According to Odfjell Oceanwind it is developing a solution ideal suited to micro networks that have short-term or needs for electricity for a fixed period of time. Its Mobile Offshore Wind Units are floating wind turbines that can move from location to location as and when there is a need for renewable power. The company says the installations are ideally suited to provide power to oil and gas fields that require power for a limited period.

The Norwegian oil and gas industry has announced targets to cut its carbon emissions by 50 percent before 2030, but to do this the industry needs to find a source of renewable energy for its offshore fields. Odfjell Oceanwind explains that it is difficult to provide power from shore for the oil fields far out in the North Sea for example while using carbon capture technology is both expensive to install and requires space typically not available on an oil platform. Using power from offshore wind farms is possible but Norway’ timeline for the development of those facilities means that a significant power supply would not be available to the oil industry to meet its 2030 ambitions.

Odfjell Oceanwind’s concept is to develop floating offshore wind turbines that can be moved to the oil fields and would be rented to the operators of the rigs for the life of the field.

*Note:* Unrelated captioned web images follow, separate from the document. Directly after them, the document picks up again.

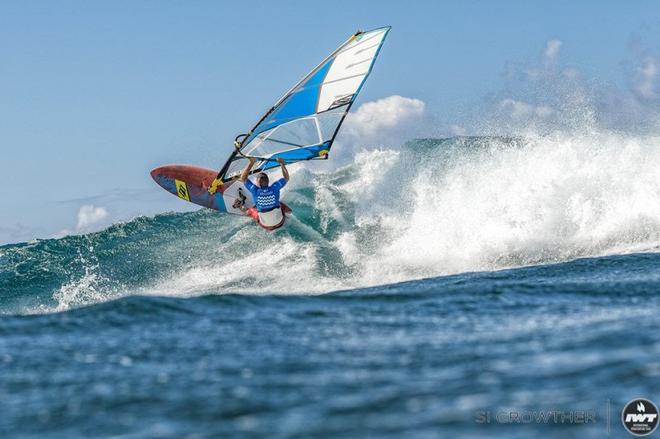 Day 6 – Michi Schwieger, aiming for the final – Aloha Classic ©  Si Crowther / IWT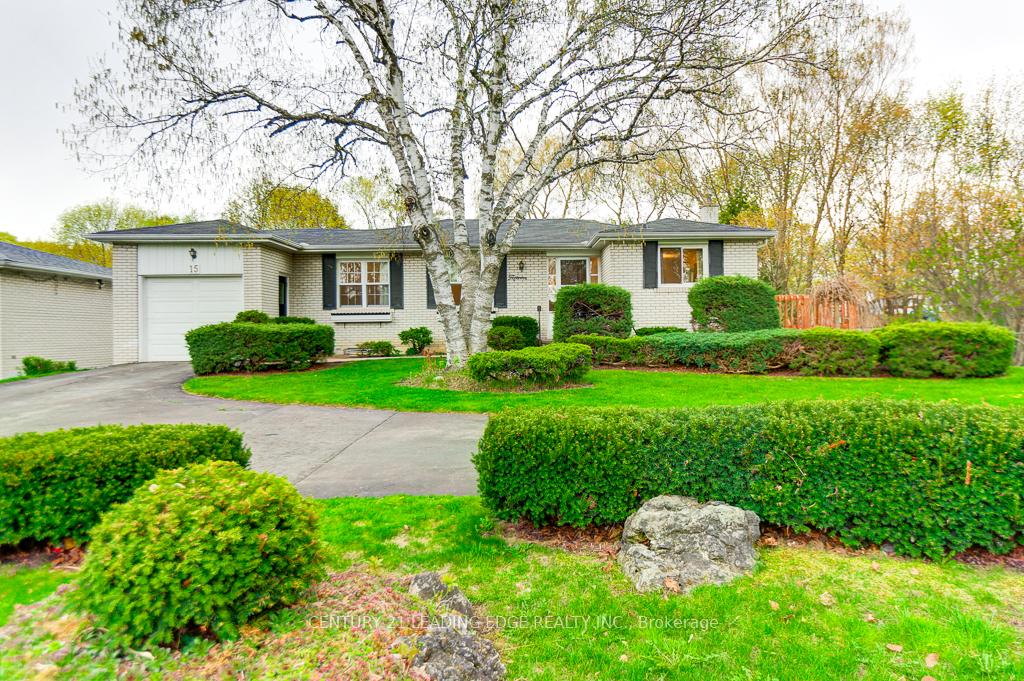 Photo 3 of 15 Bakerdale Road, Markham, Bullock — HOMEH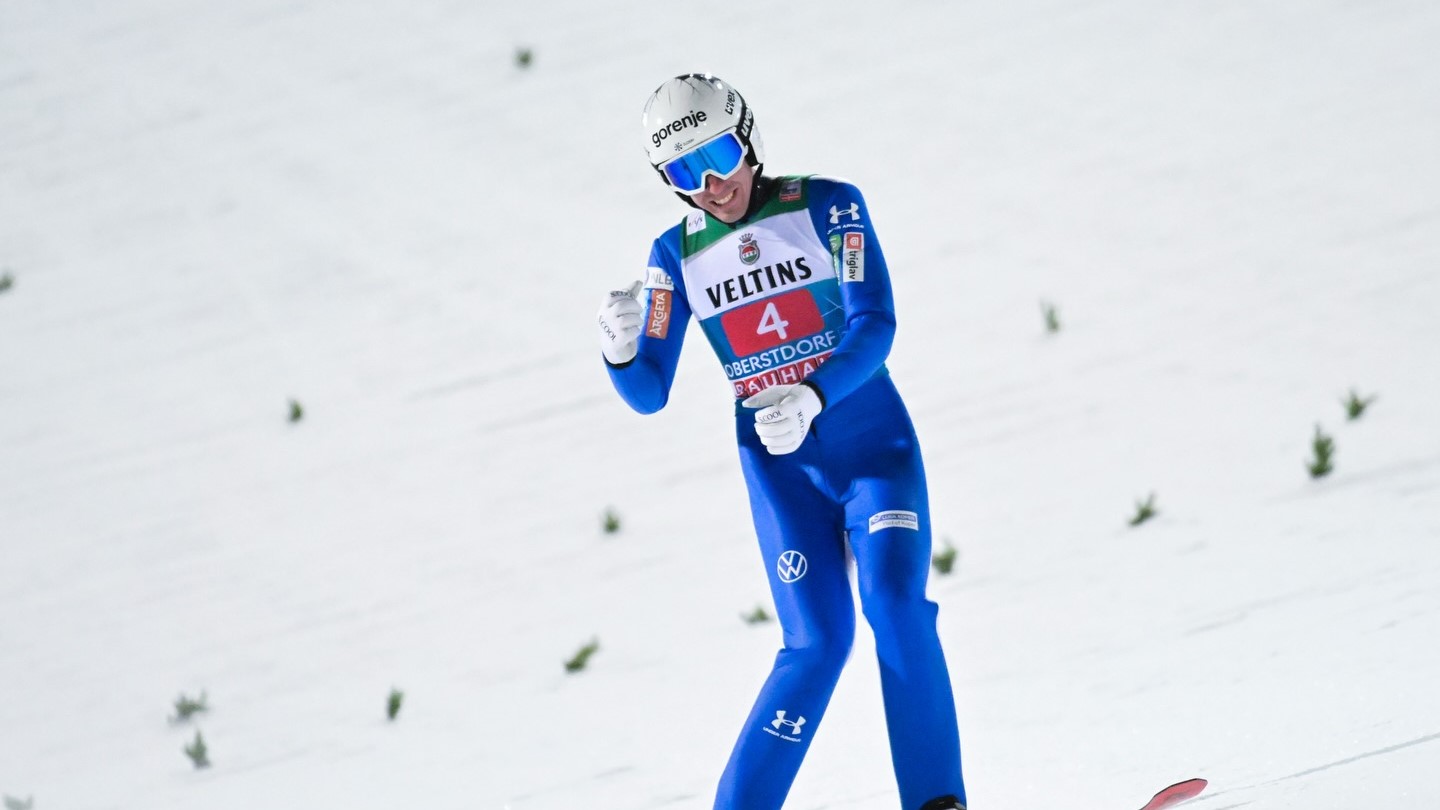 Timi Zajc diskvalificiran že pred samim skokom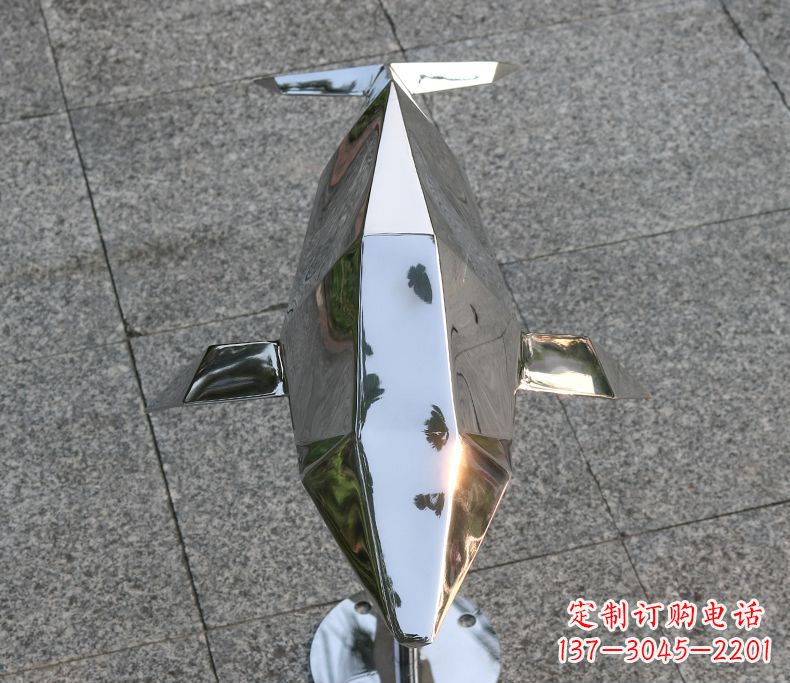 太原海豚雕塑令不锈钢广场更加灿烂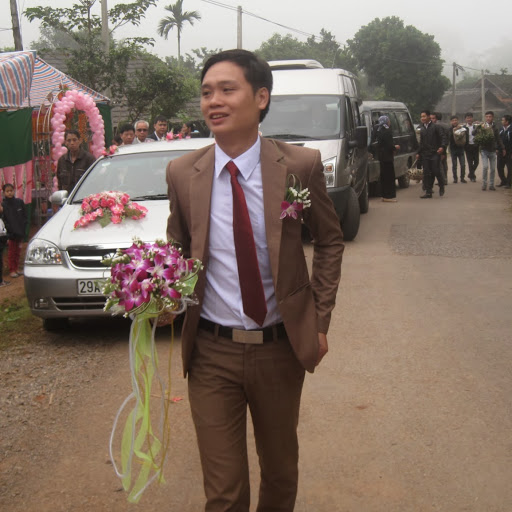 Linh Vi Photo 16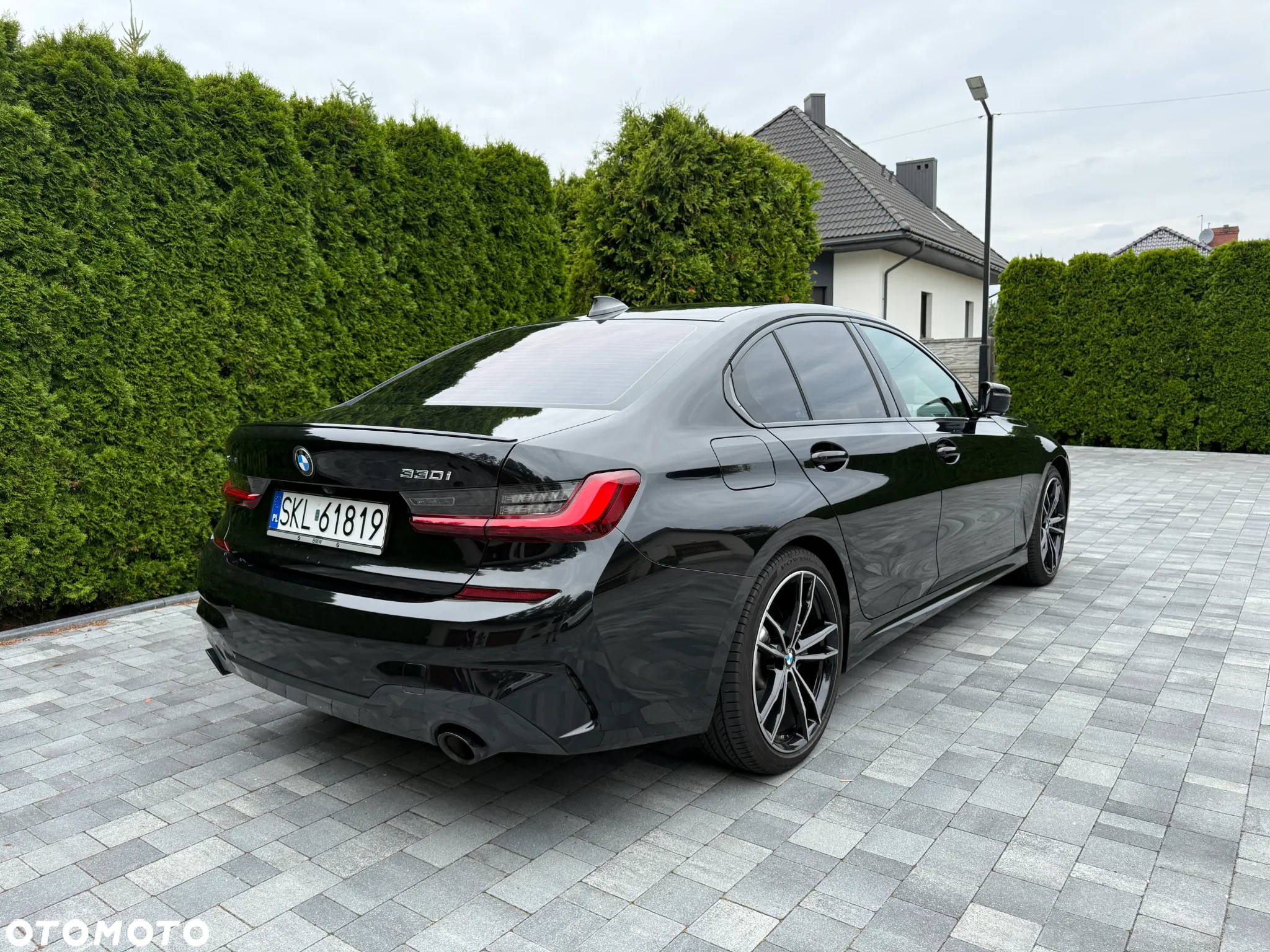 BMW Seria 3 330i xDrive - 4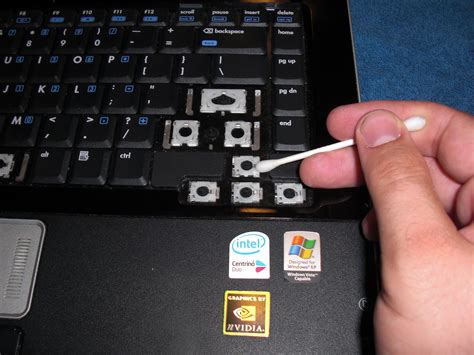 how to clean the keys on a laptop 3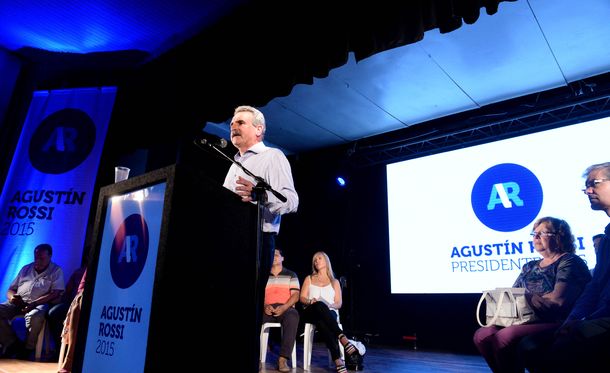 No pueden gobernar los que se someten al poder de las corporaciones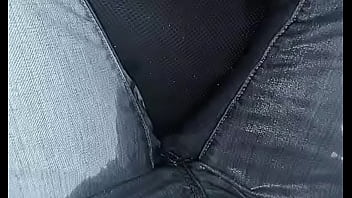 運転中に我慢できなくておしっこを漏らしてしまいました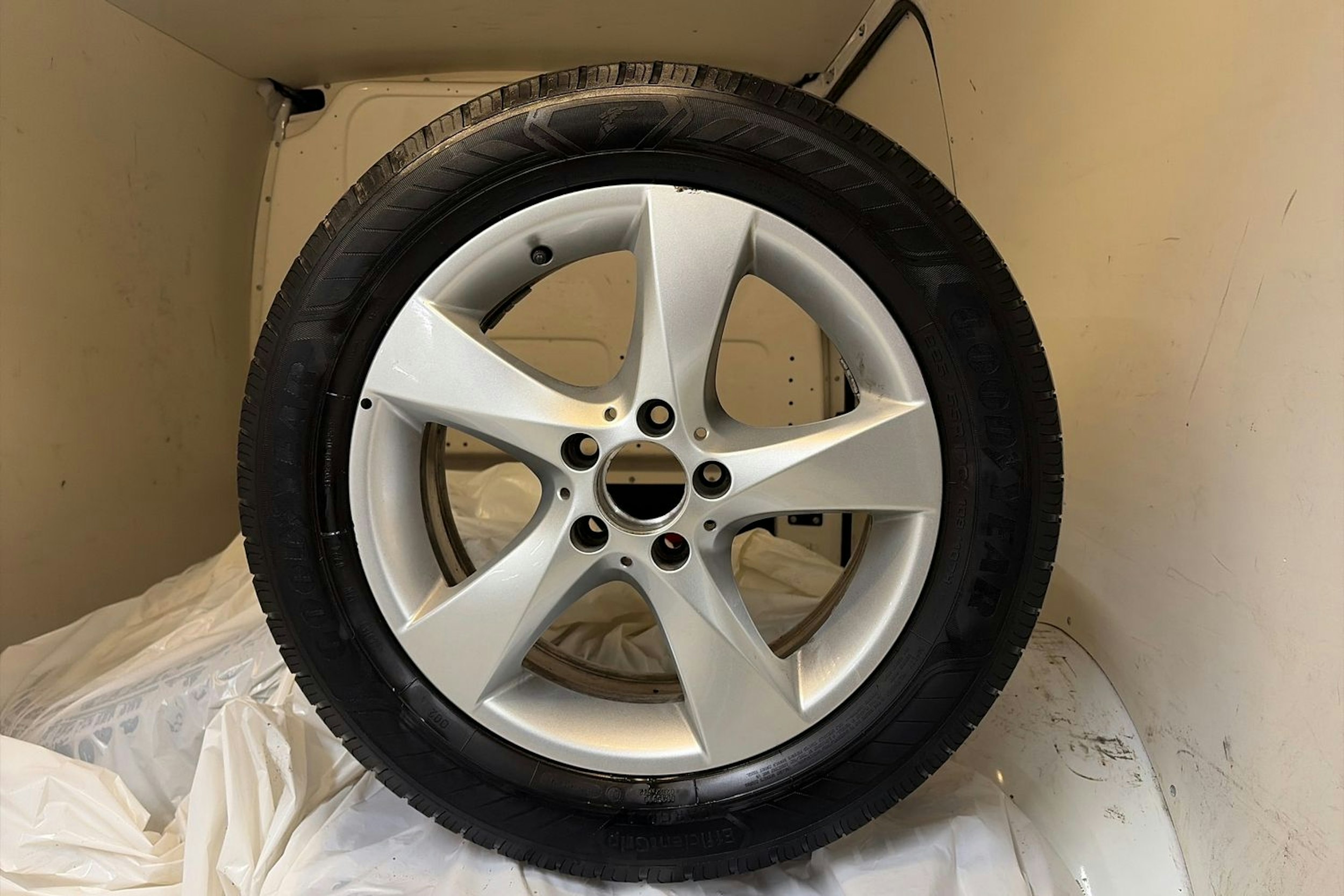 valkoinen Mercedes-Benz Vito 2019 kuva 17.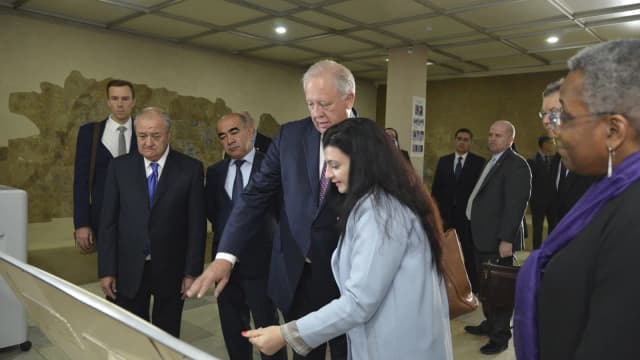 Thomas Shannon, de terno escuro, ao lado de autoridades durante visita oficial a museu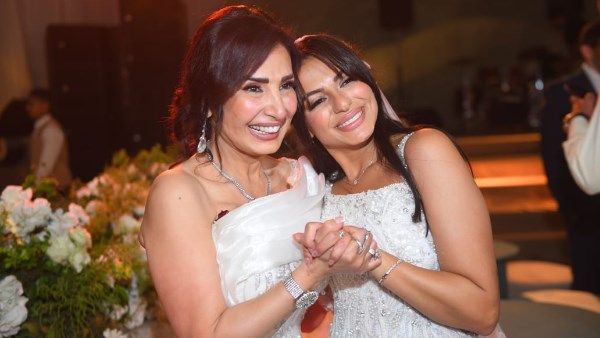 نشرة الفن| 50 صورة جديدة من حفل زفاف هيا كتكت وآدم العربي .. مفاجأة في وعكة مصطفى كامل الصحية نشرة الفن| 50 صورة جديدة من حفل زفاف هيا كتكت وآدم العربي .. مفاجأة في وعكة مصطفى كامل الصحية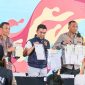 (kiri- kanan) Wakasatgas Pamwil Jateng, Kombes Pol Subagio, Kasubsatgas Gakkum (Penegakan Hukum), Kombes Muhammad Anwar Nasir, dan Kapolresta Surakarta, Kombes Pol Iwan Saktiadi melakukan konferensi pers di Informasi Center Piala Dunia U-17 Surakarta, Sabtu (25/11/2023). Foto: Agus Siswanto InfoPublik.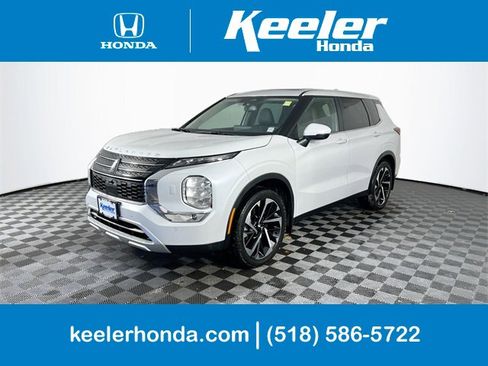 Used 2023 Mitsubishi Outlander SE image 1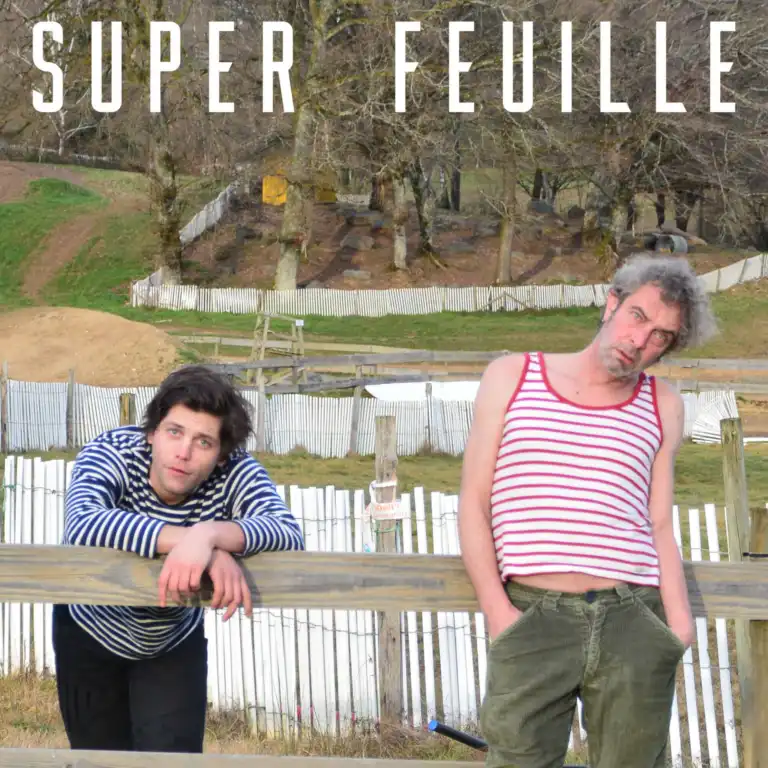 SUPER FEUILLE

“We are really excited to enter into this cooperation,” says newly-appointed CEO of Odfjell Oceanwind, Per Lund. “Odfjell Oceanwind is on a fast-track development to build a rental fleet of floating mobile wind units with a potential to contribute to the oil and gas industry’s emission reduction targets faster than any other available technology. The cooperation with both Siemens Gamesa and Siemens Energy gives us access to world-leading and proven solutions for wind turbines, energy storage, as well as solutions for power and integration to the host platforms. This is vital for us to minimize time to market, and being able to scale quickly.”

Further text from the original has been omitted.